It was so dark there that I did not see the man seated at the top of the steps until Mr. Cowden switched on his flash-lamp. He was a native, a very old man, naked to the waist, and wearing a pair of knee-length cotton drawers. His white hair was closely cropped, and a band of tatooing across his eyes had precisely the appearance of a mask. He rose as we approached, and stood leaning on a paddle. I noticed then that his whole body was covered with tatooing in curious and intricate designs. When Mr. Cowden spoke to

him he made a barely perceptible gesture of assent by raising his eyebrows; otherwise one would have thought that he had not observed us at all, and as we passed he stood gazing sombrely over our heads toward the opposite bank of the river.

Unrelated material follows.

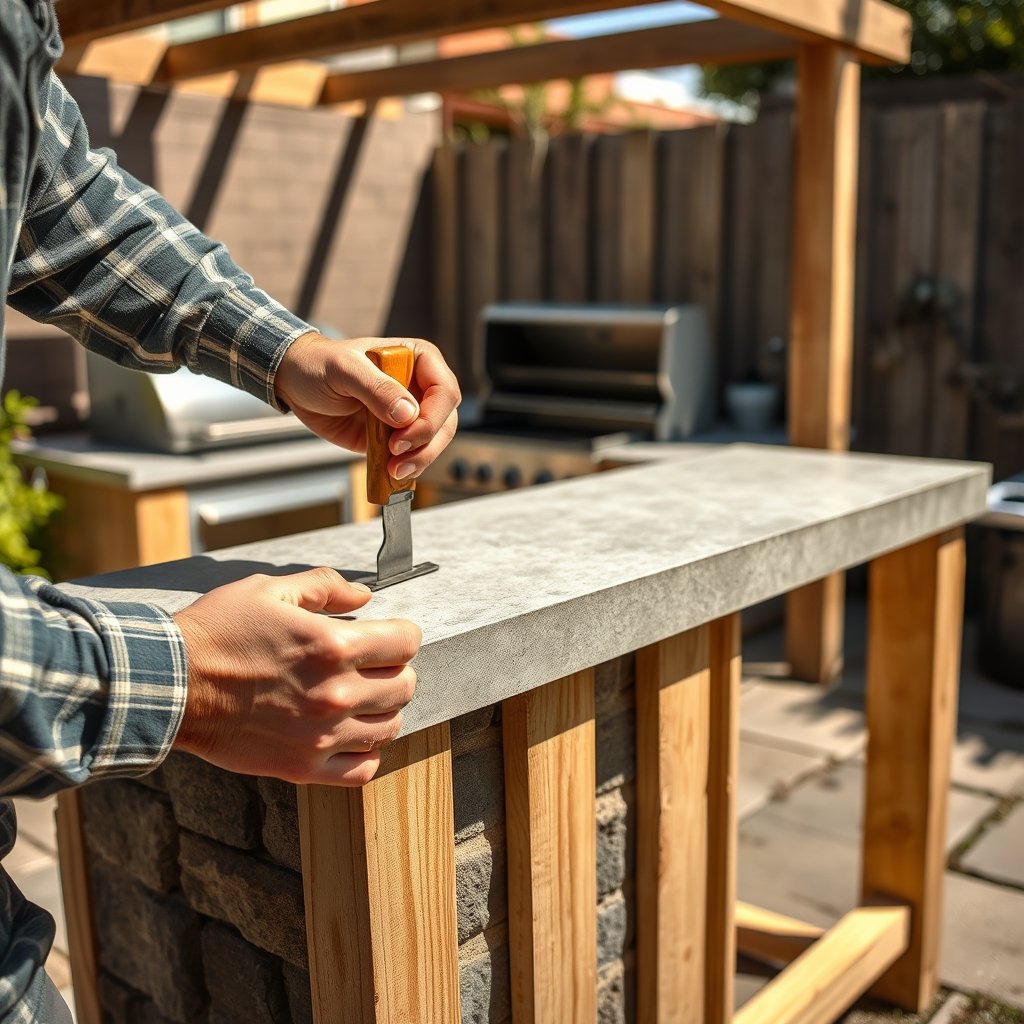 simple outdoor kitchen ideas - Illustration 2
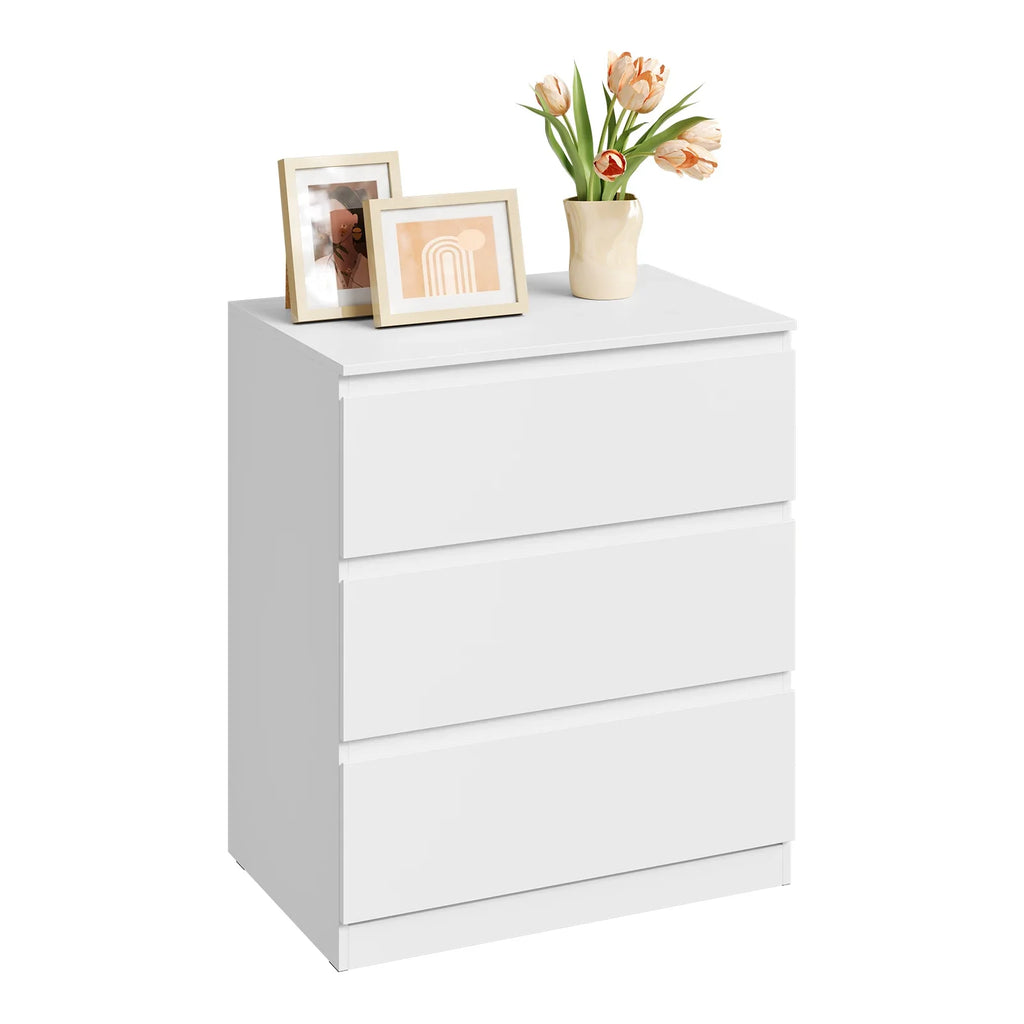 Meuble de rangement pour chambre blanche 60x70x40cm -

My host preceded me through an arched gateway opening into a garden overgrown with weeds. Just before we reached the house he stopped.

'Has the captain told you of the old heathen Father Gilbert and Mr. Rudge have been trying to save for so many years? Well, that's the man. He has no use for any of us, though he tolerates me, after a fashion, because I furnish him with tobacco. You should see his manner of accepting my small favors, like a king receiving tribute from a petty prince. Jove! I feel petty, too, in his presence. You noticed his height? He is six feet four. Imagine this island in the old days filled with men of that stamp!'

He led the way then into a spacious two-story dwelling, with upper and lower balconies all round. It was in a sorry state of repair. Heavy wooden shutters hung askew; the pillars supporting the balconies were crumbling away, and large fragments of plaster had fallen from walls and ceilings. Mr. Cowden occupied three rooms on the upper floor. These had been comfortably furnished, and were in the agreeable state of disorder of most bachelor establishments. When the lamps had been lighted my host sorted over his mail.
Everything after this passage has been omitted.